*** Material for this task

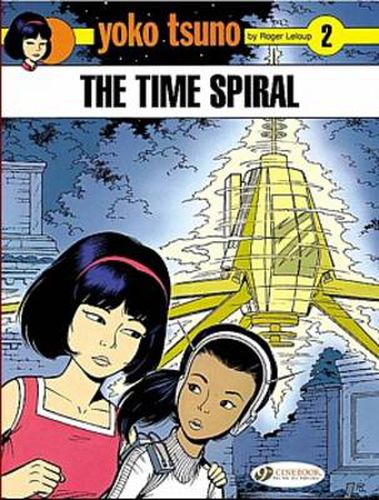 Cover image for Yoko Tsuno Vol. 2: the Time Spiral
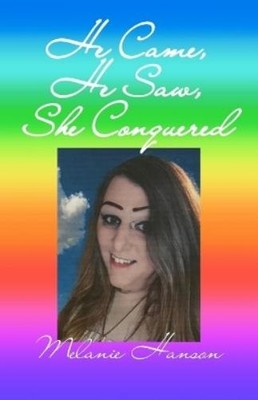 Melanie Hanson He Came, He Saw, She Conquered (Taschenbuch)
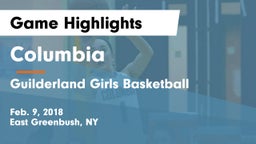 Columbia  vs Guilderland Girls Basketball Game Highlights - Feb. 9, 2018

******
*** Material for this task

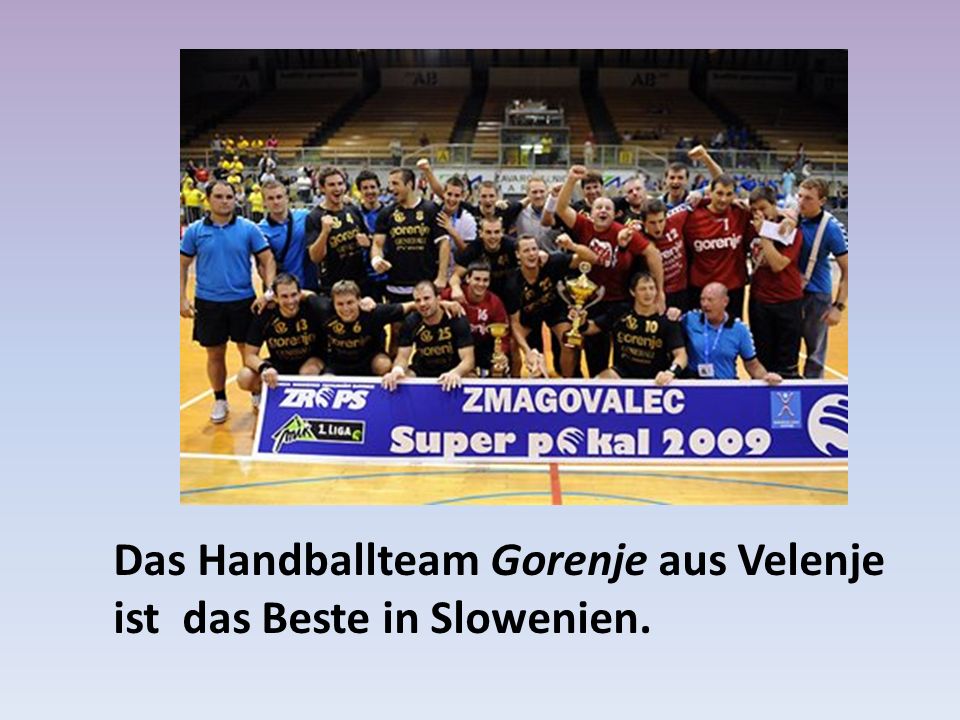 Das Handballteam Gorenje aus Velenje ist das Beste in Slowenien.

******

Work order –
Beginning with the line above that has "Cover image for" and going on through the line that has "Feb. 9, 2018", retype every line exactly and add nothing else; drop the pictures.

Reply –
 Cover image for Yoko Tsuno Vol. 2: the Time Spiral
 Melanie Hanson He Came, He Saw, She Conquered (Taschenbuch)
 Columbia  vs Guilderland Girls Basketball Game Highlights - Feb. 9, 2018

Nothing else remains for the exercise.